**PROBLEM DETAILS**: Give the listing again word for word. Skip the pictures.

**DATA SHOWN**:
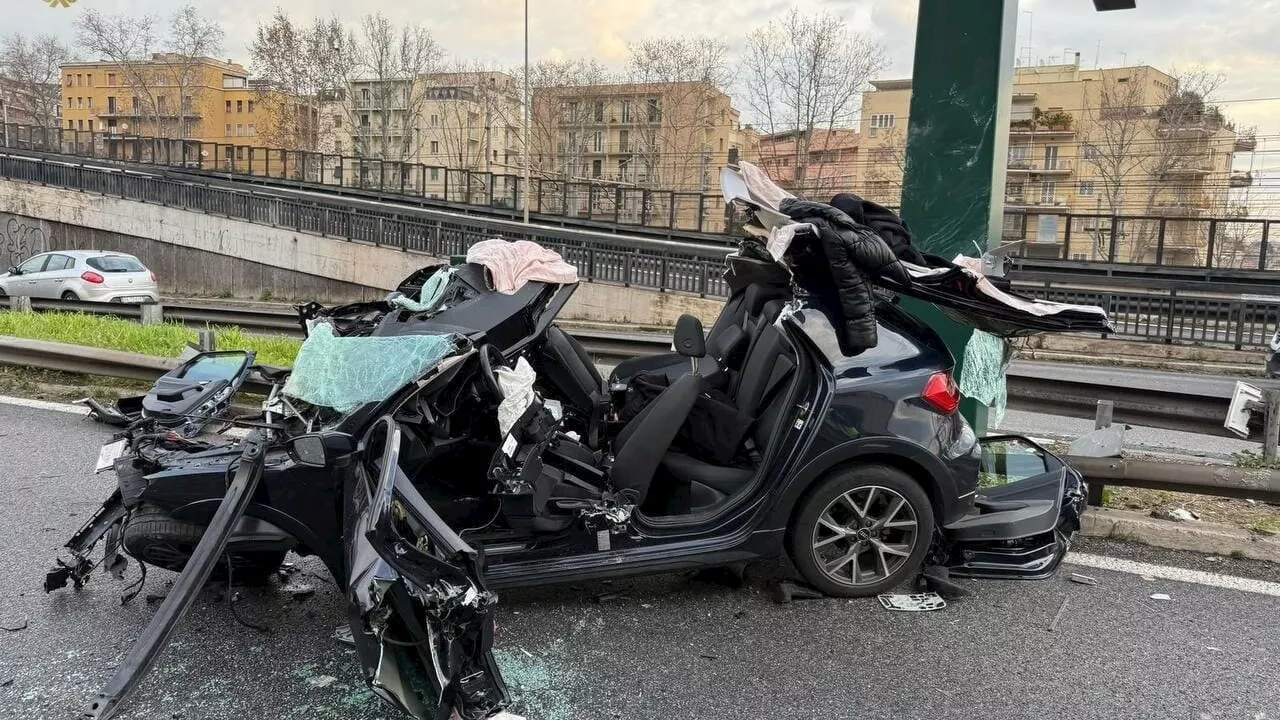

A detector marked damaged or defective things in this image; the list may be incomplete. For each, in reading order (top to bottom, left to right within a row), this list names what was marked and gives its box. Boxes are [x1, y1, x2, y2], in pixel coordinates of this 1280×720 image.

deployed airbag [285, 322, 460, 412]
wrecked black car [47, 163, 1111, 717]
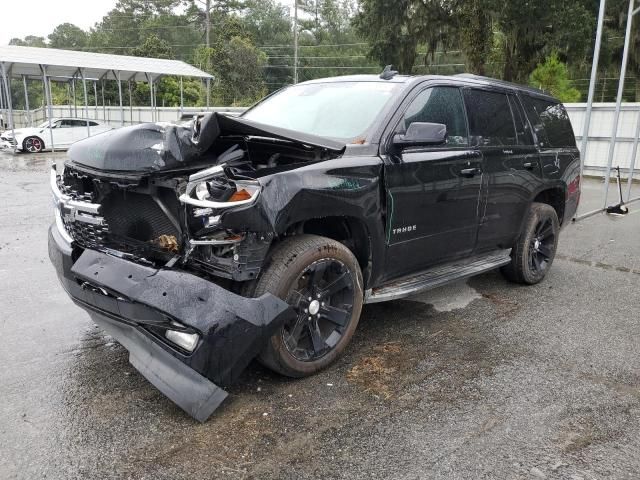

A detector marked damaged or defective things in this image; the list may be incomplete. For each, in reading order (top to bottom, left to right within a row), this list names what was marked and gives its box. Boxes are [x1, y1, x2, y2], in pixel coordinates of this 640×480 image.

crumpled hood [67, 112, 344, 172]
detached bumper [49, 224, 296, 420]
severe front-end damage [50, 112, 358, 420]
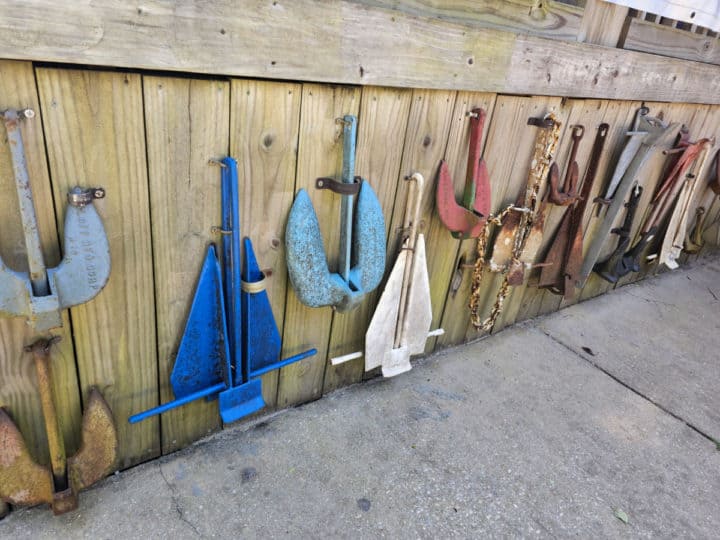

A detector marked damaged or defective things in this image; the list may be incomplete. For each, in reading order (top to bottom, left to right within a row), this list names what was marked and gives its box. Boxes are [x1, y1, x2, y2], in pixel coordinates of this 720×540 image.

rusty anchor [0, 107, 110, 332]
rusty anchor [436, 107, 492, 238]
rusty anchor [0, 338, 117, 516]
crack in concrete [532, 324, 716, 448]
crack in concrete [157, 462, 202, 536]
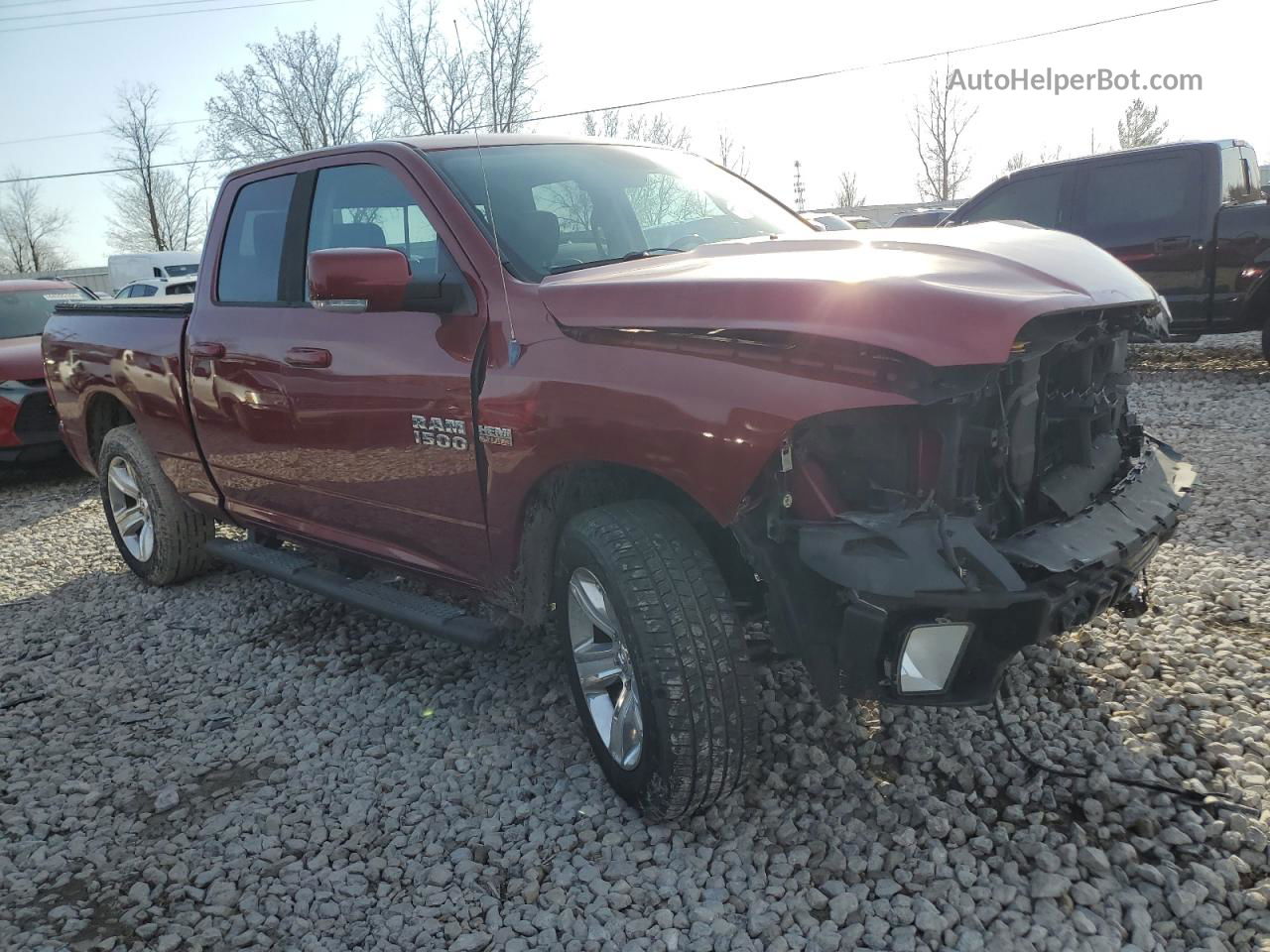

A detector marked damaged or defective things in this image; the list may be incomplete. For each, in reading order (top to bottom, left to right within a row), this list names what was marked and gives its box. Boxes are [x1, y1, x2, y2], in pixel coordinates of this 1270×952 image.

crumpled hood [0, 333, 42, 381]
crumpled hood [540, 223, 1159, 369]
crushed front bumper [794, 442, 1191, 702]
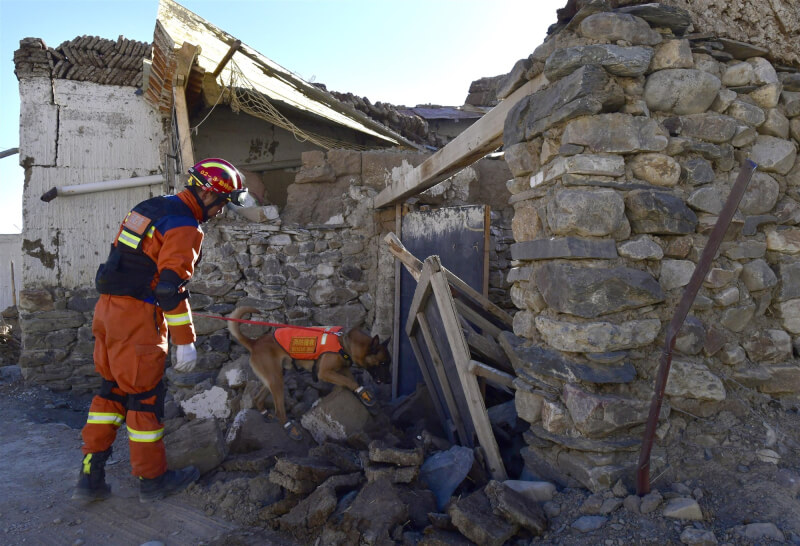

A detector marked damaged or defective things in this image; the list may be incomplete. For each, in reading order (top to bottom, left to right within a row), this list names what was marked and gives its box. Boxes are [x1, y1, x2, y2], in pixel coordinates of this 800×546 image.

rusty metal rod [636, 157, 756, 492]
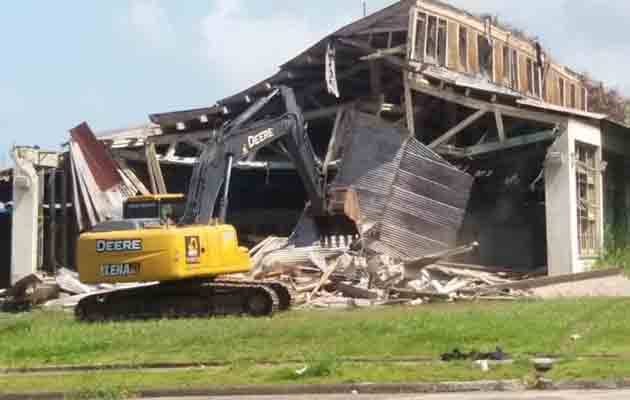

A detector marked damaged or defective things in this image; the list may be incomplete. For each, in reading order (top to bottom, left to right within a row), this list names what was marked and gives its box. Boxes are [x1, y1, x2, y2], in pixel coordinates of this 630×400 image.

broken window [414, 13, 430, 61]
broken window [424, 15, 440, 61]
broken window [576, 143, 604, 256]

**ANSWER FOR THE TASK**:
A detector marked damaged or defective things in this image; the list may be incomplete. For each, in reading order (top to bottom, left to right within a row), this list names what was marked and gives its box. Boxes are [x1, y1, x2, y2], in pixel coordinates of this 1280×720 image.

deployed airbag [285, 322, 460, 412]
wrecked black car [47, 163, 1111, 717]

A detector marked damaged or defective things in this image; the list may be incomplete. For each, in reading order (top to bottom, left to right within a row), this list names what was marked and gives its box. Boxes are [x1, y1, x2, y2], in pixel coordinates of this 640×480 image.

crumpled hood [67, 112, 344, 172]
detached bumper [49, 224, 296, 420]
severe front-end damage [50, 112, 358, 420]

A detector marked damaged or defective things in this image; the list may be incomplete. For each, in reading order (top to bottom, left to right within a row), this list names what was marked and gives its box. Boxes are [x1, y1, x2, y2], in pixel coordinates of this 720×540 image.

rusty anchor [0, 107, 110, 332]
rusty anchor [436, 107, 492, 238]
rusty anchor [0, 338, 117, 516]
crack in concrete [532, 324, 716, 448]
crack in concrete [157, 462, 202, 536]

A detector marked damaged or defective things in this image; the list may be incomplete. For each, in reading order (top to bottom, left to right within a row), this list names what was marked and gives its box. Boxes are [x1, y1, x2, y2], in pixel coordinates of this 1270×952 image.

crumpled hood [0, 333, 42, 381]
crumpled hood [540, 223, 1159, 369]
crushed front bumper [794, 442, 1191, 702]

A detector marked damaged or defective things in this image; the list may be incomplete. For each, in reading order (top to bottom, left to right within a row), this list names what was marked and gives its box. Boxes are [x1, y1, x2, y2], in pixel coordinates of this 800×546 image.

rusty metal rod [636, 157, 756, 492]

A detector marked damaged or defective things in this image; the list may be incomplete. For each, in reading order (top to bottom, left to right within a row), this list names what was marked and gives its box. Boxes are [x1, y1, x2, y2], in pixel coordinates of this 630×400 image.

broken window [414, 13, 430, 61]
broken window [424, 15, 440, 61]
broken window [576, 143, 604, 256]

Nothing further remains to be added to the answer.